Can anyone know the formula for building a ring with an outer radius, with an inner radius, and the number of segments based on batch_for_shader(shader, ‘TRIS’, {“pos”: vertices_outer}, indices=trisIndices)

I found a way to build a circle using the function

def draw_circle_2d_filled(shader, position, radius, color):
    mx = position[0]
    my = position[1]
    prefs = bpy.context.preferences.system
    radius = radius * (prefs.dpi * prefs.pixel_size / 72)
    sides = 60

    vertices = [(radius * cos(i * 2 * pi / sides) + mx,
                       radius * sin(i * 2 * pi / sides) + my)
                       for i in range(sides + 1)]
    batch = batch_for_shader(shader, 'TRI_FAN', {"pos": vertices})

    shader.bind()
    shader.uniform_float("color", color)
    batch.draw(shader)

I need to build a ring for the UI, so I need vertex positions in the 2D vector.

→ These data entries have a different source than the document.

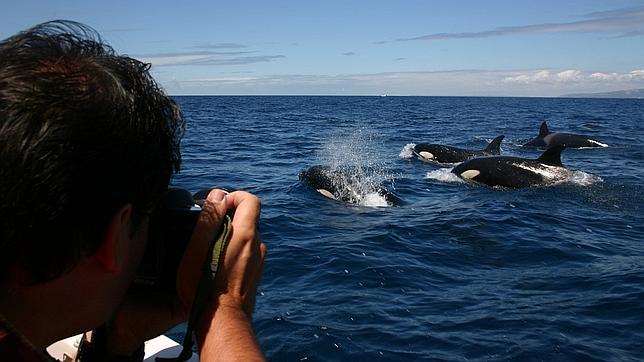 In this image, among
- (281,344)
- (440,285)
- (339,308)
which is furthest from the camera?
(440,285)

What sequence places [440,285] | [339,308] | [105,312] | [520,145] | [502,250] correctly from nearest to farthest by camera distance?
[105,312], [339,308], [440,285], [502,250], [520,145]

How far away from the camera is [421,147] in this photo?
71.8 feet

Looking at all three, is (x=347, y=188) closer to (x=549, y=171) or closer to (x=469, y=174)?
(x=469, y=174)

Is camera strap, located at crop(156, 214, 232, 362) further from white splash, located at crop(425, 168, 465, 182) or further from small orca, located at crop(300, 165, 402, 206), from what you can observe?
white splash, located at crop(425, 168, 465, 182)

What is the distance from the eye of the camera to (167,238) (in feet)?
5.99

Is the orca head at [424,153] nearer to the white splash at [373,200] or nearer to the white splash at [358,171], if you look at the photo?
the white splash at [358,171]

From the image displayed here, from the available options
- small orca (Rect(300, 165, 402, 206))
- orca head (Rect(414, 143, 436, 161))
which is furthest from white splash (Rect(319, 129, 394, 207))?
orca head (Rect(414, 143, 436, 161))

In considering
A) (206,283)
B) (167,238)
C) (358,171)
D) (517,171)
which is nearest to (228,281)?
(206,283)

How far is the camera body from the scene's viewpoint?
5.92 ft

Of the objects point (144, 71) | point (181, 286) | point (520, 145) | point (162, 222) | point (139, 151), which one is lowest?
point (520, 145)

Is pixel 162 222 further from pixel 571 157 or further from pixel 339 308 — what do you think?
pixel 571 157

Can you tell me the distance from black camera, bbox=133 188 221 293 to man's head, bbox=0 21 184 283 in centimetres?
20

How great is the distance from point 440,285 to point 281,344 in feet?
8.82

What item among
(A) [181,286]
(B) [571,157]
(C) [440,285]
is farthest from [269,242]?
(B) [571,157]
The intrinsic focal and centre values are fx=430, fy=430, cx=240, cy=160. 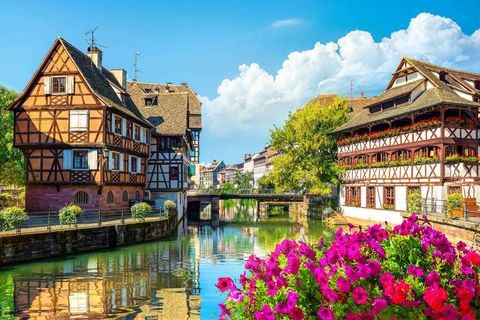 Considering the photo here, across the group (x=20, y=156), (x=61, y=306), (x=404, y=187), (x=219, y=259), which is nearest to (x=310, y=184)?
(x=404, y=187)

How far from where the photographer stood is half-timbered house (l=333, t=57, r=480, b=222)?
95.6 feet

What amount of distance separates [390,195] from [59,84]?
26.1 m

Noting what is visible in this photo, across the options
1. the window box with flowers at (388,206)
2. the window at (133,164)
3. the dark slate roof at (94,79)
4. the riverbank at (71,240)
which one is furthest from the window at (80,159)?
the window box with flowers at (388,206)

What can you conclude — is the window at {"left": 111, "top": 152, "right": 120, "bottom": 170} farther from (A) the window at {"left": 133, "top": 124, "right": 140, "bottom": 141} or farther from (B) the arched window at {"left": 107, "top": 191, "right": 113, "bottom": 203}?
(A) the window at {"left": 133, "top": 124, "right": 140, "bottom": 141}

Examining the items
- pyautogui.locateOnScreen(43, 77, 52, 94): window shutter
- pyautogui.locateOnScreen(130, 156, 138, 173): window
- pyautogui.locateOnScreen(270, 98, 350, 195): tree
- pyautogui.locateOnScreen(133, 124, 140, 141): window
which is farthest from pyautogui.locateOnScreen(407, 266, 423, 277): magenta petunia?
pyautogui.locateOnScreen(270, 98, 350, 195): tree

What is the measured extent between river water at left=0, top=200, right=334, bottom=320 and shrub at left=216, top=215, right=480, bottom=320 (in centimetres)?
140

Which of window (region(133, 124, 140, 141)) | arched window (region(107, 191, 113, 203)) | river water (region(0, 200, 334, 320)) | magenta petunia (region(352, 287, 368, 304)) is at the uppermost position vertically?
window (region(133, 124, 140, 141))

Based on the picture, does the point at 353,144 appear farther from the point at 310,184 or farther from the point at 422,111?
the point at 422,111

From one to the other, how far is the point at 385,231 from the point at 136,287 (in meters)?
11.4

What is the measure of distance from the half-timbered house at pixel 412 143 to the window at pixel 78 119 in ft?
74.0

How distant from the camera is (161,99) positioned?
45.0 metres

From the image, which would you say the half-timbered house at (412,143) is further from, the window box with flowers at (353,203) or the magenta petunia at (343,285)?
the magenta petunia at (343,285)

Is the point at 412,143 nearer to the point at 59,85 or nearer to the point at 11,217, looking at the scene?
the point at 59,85

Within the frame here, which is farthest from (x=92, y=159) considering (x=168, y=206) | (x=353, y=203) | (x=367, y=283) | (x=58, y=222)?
(x=367, y=283) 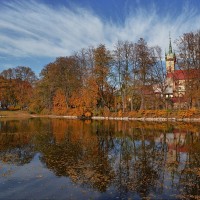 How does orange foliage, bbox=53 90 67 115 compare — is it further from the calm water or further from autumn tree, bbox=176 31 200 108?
the calm water

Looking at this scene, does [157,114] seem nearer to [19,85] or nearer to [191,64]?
[191,64]

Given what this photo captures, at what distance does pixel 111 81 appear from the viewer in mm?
53406

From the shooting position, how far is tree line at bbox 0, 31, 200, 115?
154ft

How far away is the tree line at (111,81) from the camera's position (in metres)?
47.0

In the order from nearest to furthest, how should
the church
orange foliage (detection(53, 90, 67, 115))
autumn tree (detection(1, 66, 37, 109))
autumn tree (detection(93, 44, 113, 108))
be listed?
1. the church
2. autumn tree (detection(93, 44, 113, 108))
3. orange foliage (detection(53, 90, 67, 115))
4. autumn tree (detection(1, 66, 37, 109))

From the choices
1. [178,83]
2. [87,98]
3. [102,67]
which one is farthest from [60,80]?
[178,83]

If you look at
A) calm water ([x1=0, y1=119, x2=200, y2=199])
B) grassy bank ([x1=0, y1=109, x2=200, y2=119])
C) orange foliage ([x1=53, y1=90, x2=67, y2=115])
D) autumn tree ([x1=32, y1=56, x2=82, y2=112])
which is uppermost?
autumn tree ([x1=32, y1=56, x2=82, y2=112])

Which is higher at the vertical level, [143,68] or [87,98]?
[143,68]

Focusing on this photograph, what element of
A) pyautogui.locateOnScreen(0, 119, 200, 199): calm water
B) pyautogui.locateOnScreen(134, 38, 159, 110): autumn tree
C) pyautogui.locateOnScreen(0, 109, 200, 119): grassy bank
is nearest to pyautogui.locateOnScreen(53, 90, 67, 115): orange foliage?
pyautogui.locateOnScreen(0, 109, 200, 119): grassy bank

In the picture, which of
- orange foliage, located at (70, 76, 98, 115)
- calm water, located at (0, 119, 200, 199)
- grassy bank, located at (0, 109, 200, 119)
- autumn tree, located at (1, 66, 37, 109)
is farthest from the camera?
autumn tree, located at (1, 66, 37, 109)

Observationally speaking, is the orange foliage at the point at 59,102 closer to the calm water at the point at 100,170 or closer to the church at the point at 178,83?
the church at the point at 178,83

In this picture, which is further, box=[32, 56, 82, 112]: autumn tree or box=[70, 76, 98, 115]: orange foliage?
box=[32, 56, 82, 112]: autumn tree

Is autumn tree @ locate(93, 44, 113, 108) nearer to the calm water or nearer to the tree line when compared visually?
the tree line

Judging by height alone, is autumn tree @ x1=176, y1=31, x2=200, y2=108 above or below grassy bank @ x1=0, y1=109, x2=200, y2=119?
above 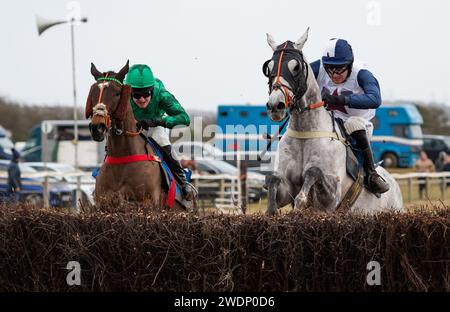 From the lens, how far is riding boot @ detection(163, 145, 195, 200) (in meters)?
Result: 8.96

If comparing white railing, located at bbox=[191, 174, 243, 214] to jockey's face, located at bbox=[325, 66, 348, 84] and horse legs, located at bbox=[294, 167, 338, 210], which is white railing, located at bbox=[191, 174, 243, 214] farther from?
horse legs, located at bbox=[294, 167, 338, 210]

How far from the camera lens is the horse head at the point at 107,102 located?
7848 mm

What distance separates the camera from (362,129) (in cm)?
820

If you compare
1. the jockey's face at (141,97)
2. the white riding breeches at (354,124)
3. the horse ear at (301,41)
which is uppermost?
the horse ear at (301,41)

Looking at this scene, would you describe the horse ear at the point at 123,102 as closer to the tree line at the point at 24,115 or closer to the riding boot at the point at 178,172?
the riding boot at the point at 178,172

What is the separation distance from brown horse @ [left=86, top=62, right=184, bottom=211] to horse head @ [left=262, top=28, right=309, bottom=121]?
137 centimetres

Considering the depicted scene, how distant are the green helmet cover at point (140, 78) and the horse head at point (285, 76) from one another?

I plan to make a widget of the zbrush type

image501×531 38.1 KB

Thanks for help Nikita Akimov

def draw_ring_2d(position, outRad, inerRad, color):
    shader = gpu.shader.from_builtin('2D_UNIFORM_COLOR')
    mx = position[0]
    my = position[1]

    sides = 60

    ring1 = []
    ring2 = []
    verts = []
    faces = []

    for i in range(sides):
        grad = (360 * i / sides) * pi / 180
        ring1.append([outRad * cos(grad) + mx, outRad * sin(grad) + my])
        ring2.append([inerRad * cos(grad) + mx, inerRad * sin(grad) + my])

        end = sides - 1
        if i == end:
            faces.append([i, i+1, i+sides])
            faces.append([i, i+1, i-i]) 
        else:
            faces.append([i, i+1, i+1+sides])
            faces.append([i, i+sides, i+1+sides])

       verts.extend(ring1)
       verts.extend(ring2)

       batch = batch_for_shader(shader, 'TRIS', {"pos": verts}, indices=faces)